During EA’s July 23, Q1 2014 Earnings Call, COO Peter Robert Moore assumed success for Plants vs. Zombies 2. “This is a big year for EA’s PopCap Studio and we’re seeing a lot of consumer excitement over Plants vs. Zombies 2,” he said.
Moore’s prediction was short-lived, however. While culturization goes a long way to building user loyalty, the game still has to be user friendly. Excitement over Plants vs. Zombies 2 died down quickly when Chinese gamers discovered that advancement was significantly more difficult in their version compared to the U.S. version.
Language’s Cultural Component
Many games don’t necessarily need to be wary of cultural issues. For instance, fantasy or sci-fi based games that don’t take place on Earth often get a pass. Although in cases like this, Blind Squirrel’s Hendricks emphasizes the need for linguistically sensitive translation of menus, game text and language because those will have even greater significance to users.

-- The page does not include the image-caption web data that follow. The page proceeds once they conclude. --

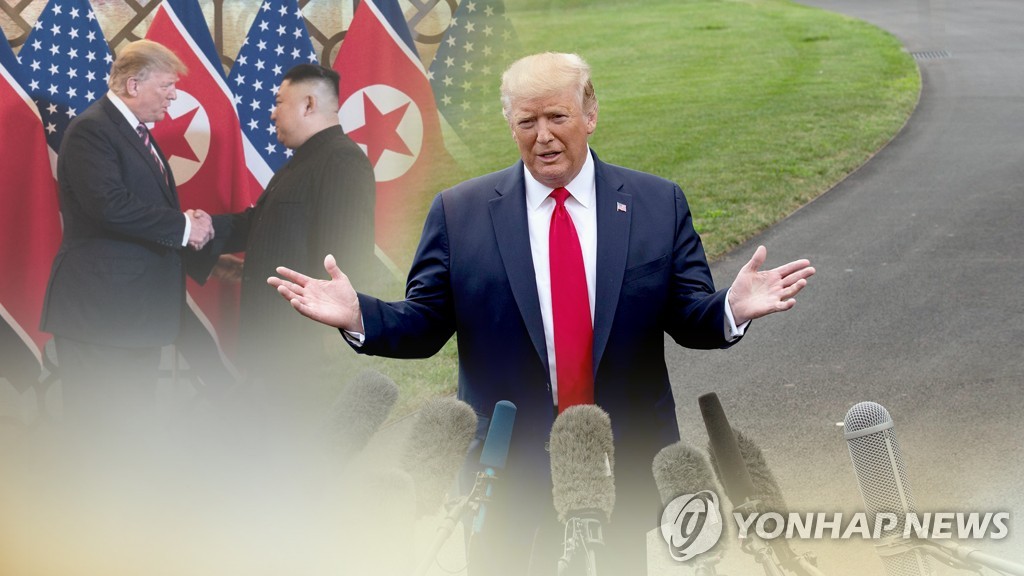 트럼프 “김정은과 좋은 관계…김정은, 약속 지킬 것” (CG)[연합뉴스TV 제공]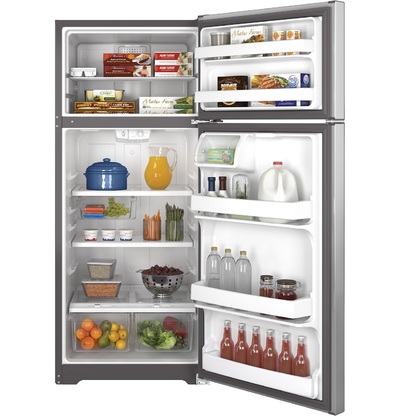 28" GE 17.5 Cu.Ft. Top-Freezer, Energy Star,Frost-Free Refrigerator - GTE18GSHSS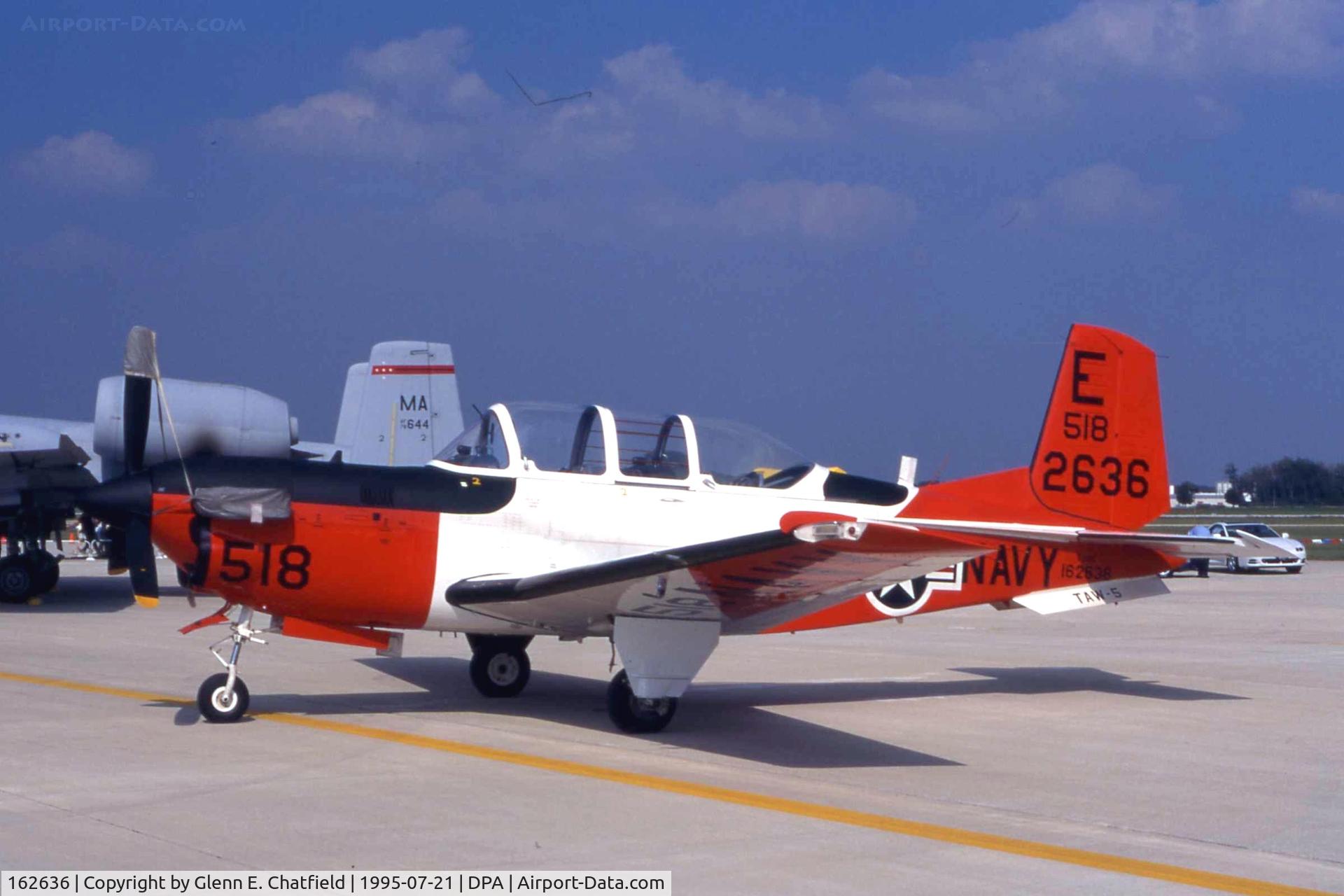 162636, Beech T-34C Turbo Mentor C/N GL-231, T-34C on display at the air show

Sports games, particularly for international sports like soccer/futbal, get a quasi-cultural pass, as well. But here again, translation becomes imperative to success. In December, EA and Nexon launched FIFA Online 3 in Korea. More recently, EA worked with TenCent to bring it to the Chinese market. Say’s EA’s Moore: “Together, these two partnerships represent a growth opportunity for EA in Asia. Teaming up with publishers of the caliber of Nexon and TenCent provides local expertise and deep insight into the largest market for games as a service.”
The Flip Side
Asian game developers, who’ve been catering to U.S. players for years, have been far ahead of the curve in terms of culturalization. In a 2009 interview with PC & Tech Authority, Lani Blazer an Associate Producer on the MMO Aion from Korea’s NCSOFT, spoke about the importance of culture when prepping for Western users.
“We’ve actually been calling it the “culturalization” process because we’re doing much more than just changing a Korean word to an English, French or German word,” she said. “Once we had the first-pass translation in, we sent it to our writing team who began reworking quest text, NPC dialog, and the overall story; culture references, fables, and slang all had to be revised to make them familiar and meaningful to the Western audience. It was important to us that our players be able to relate to the content that we were presenting.”